Basically, in Qt the meta object system maintains the communication part. Signals, slots and their communication.

To my understanding, the implementation side of pyside looks for the availability of the slot provided, and if not found the above message "You can’t add dynamic slots on an object originated from C++." is thrown.

Look for that message in below link.

https://github.com/pyside/PySide/blob/master/PySide/QtCore/glue/qobject_connect.cpp

The first slot in your question controlling splitter may be statically available (while compiling) and the pyside implementation is able to find it. So no error.

The lambda version might have worked because it’s anonymous function and pyside implementation might have bypassed searching for it in the list of slots available.

Answered By: Pavan Chandaka

It looks like PySide (or, to be precise, Shiboken, the wrapper that allows Python access to Qt objects) is not able to directly connect to slots of objects directly created by Qt.

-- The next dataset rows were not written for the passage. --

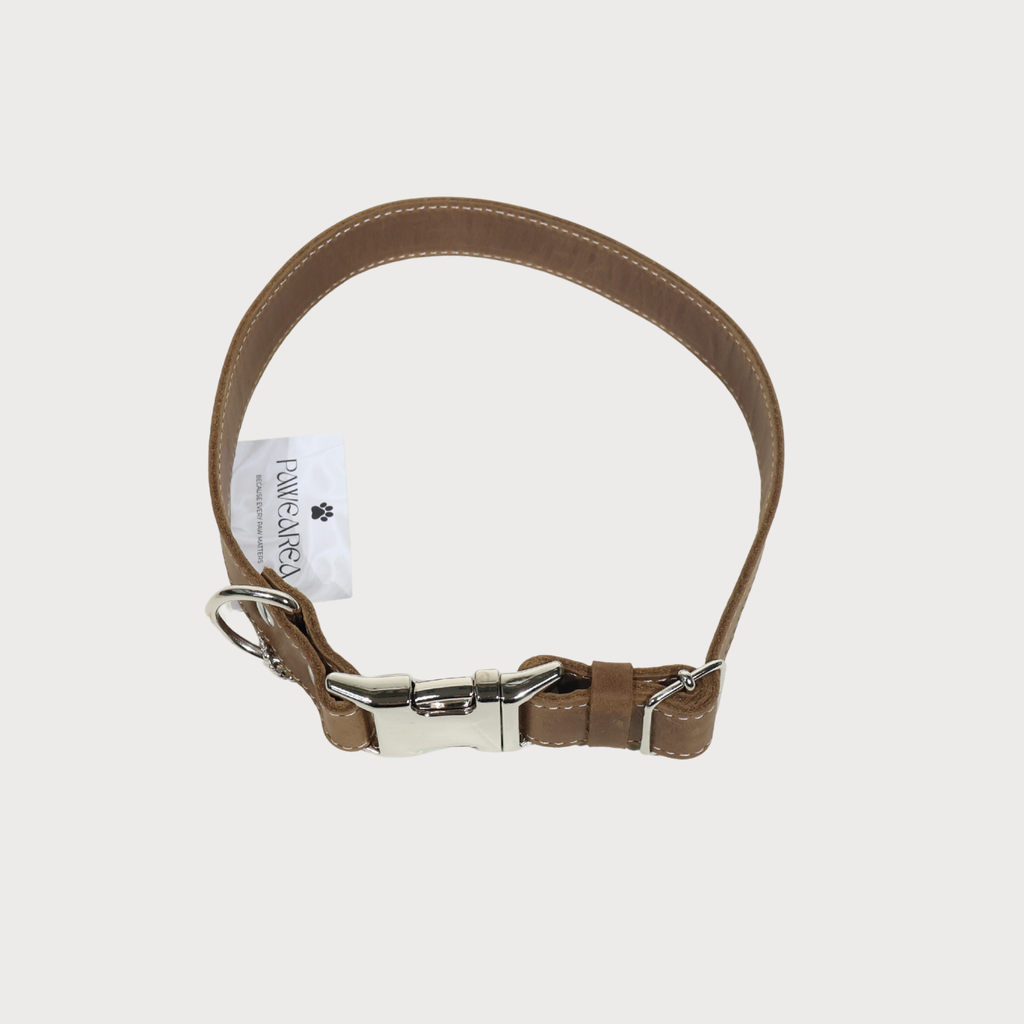 Luxury Leather Dog Collar – PAWEAREA
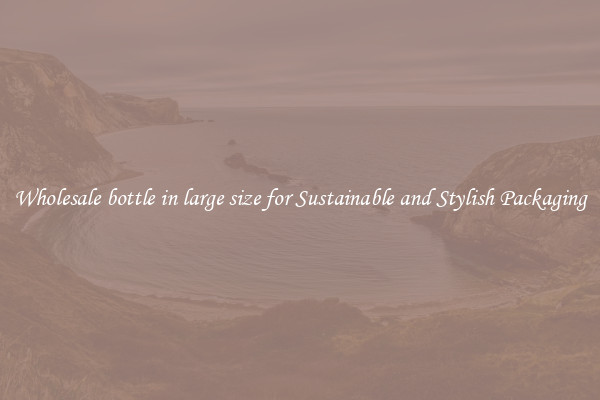 Wholesale bottle in large size for Sustainable and Stylish Packaging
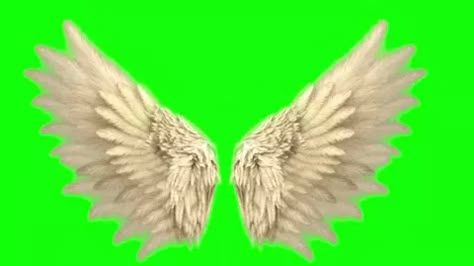 Gacha Wings Green Screen, Angel Wings Green Screen, Angel Wing Overlay, Glitter Photo Shoots, Lucifer Wings, Green Screen Images, Greenscreen Ideas, Angel Wings Png, Free Green Screen Backgrounds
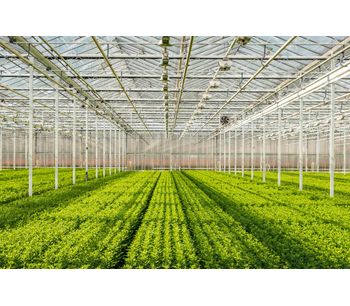 Micro-irrigation systems for greenhouse - Agriculture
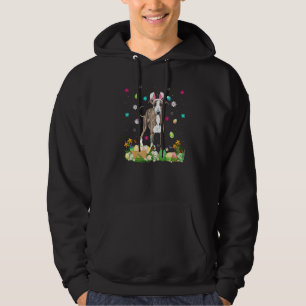 Easter Egg Funny Greyhound Dog Easter Sunday Hoodie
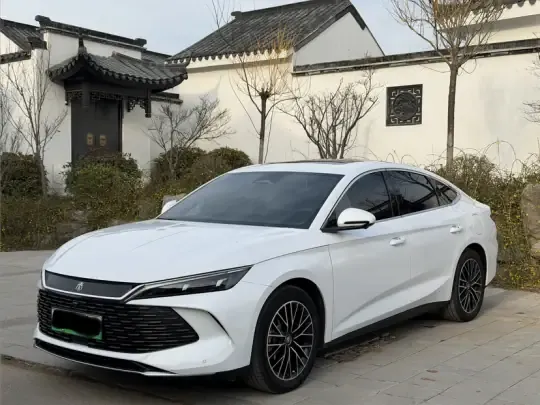 BYD Qin L 2024 (13700 км)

That seems a PySide bug: PyQt does not show that behavior, meaning that it’s completely possible to achieve it.

A similar behavior sometimes happens with PyQt as well, but that’s only in very specific cases: for protected methods of objects directly created by Qt. For example, trying to call initStyleOption() of the default delegate of an item view raises a RuntimeError ("no access to protected functions or signals for objects not created from Python").

Still, that should not happen for public functions like setDefaultSectionSize() is.

There are possible workarounds for that, though.

Using a lambda

As you already found out, you can just use a lambda. This will force PySide to connect to a python function instead of a Qt one: PySide always allows that kind of connection.

The drawback of this approach is the common problem with lambdas: if you directly use it as the connect() argument, you completely lose any reference to it, so there is no way to specifically disconnect from that function, unless you disconnect all functions for that signal (or the whole object).

Lambdas can be referenced to, though:

        header = my_view.verticalHeader()
        header.setDefaultSectionSize_ = lambda s: header.setDefaultSectionSize(s)
        spinbox2.valueChanged.connect(header.setDefaultSectionSize_)

With the code above, you can disconnect the function, since you now have a persistent reference to it.

Using a method

This is similar to the above, with the difference that we create a specific method to handle that, assuming that you keep a reference to the header (or, better, the view):

        spinbox2.valueChanged.connect(self.updateMyViewSectionSize)

    def updateMyViewSectionSize(self, size):
        self.my_view.verticalHeader().setDefaultSectionSize(size)

It might be a bit more verbose, but it’s also a better approach, since it consider the dynamic nature of verticalHeader() and provides public access to a function you may need to call in other cases.

Explicitly set the header

This is a trick I normally use for the delegate issue mentioned above: whenever I need to get some info from the delegate based on its initStyleOption(), I just create a new "dummy" delegate; since it has been created in Python, the problem doesn’t occur anymore.

The same works for this case too: create and set a dummy header view.

        my_view.setVerticalHeader(QHeaderView(Qt.Vertical, my_view))

Note that both the orientation and arguments are mandatory, and that the above should always be done as soon as possible (right after the table widget has been created).


I would still suggest you to file a report in the Qt bug tracker, hoping they will be able to fix it at least for PySide6 (PySide2 will probably be ignored, but you never know).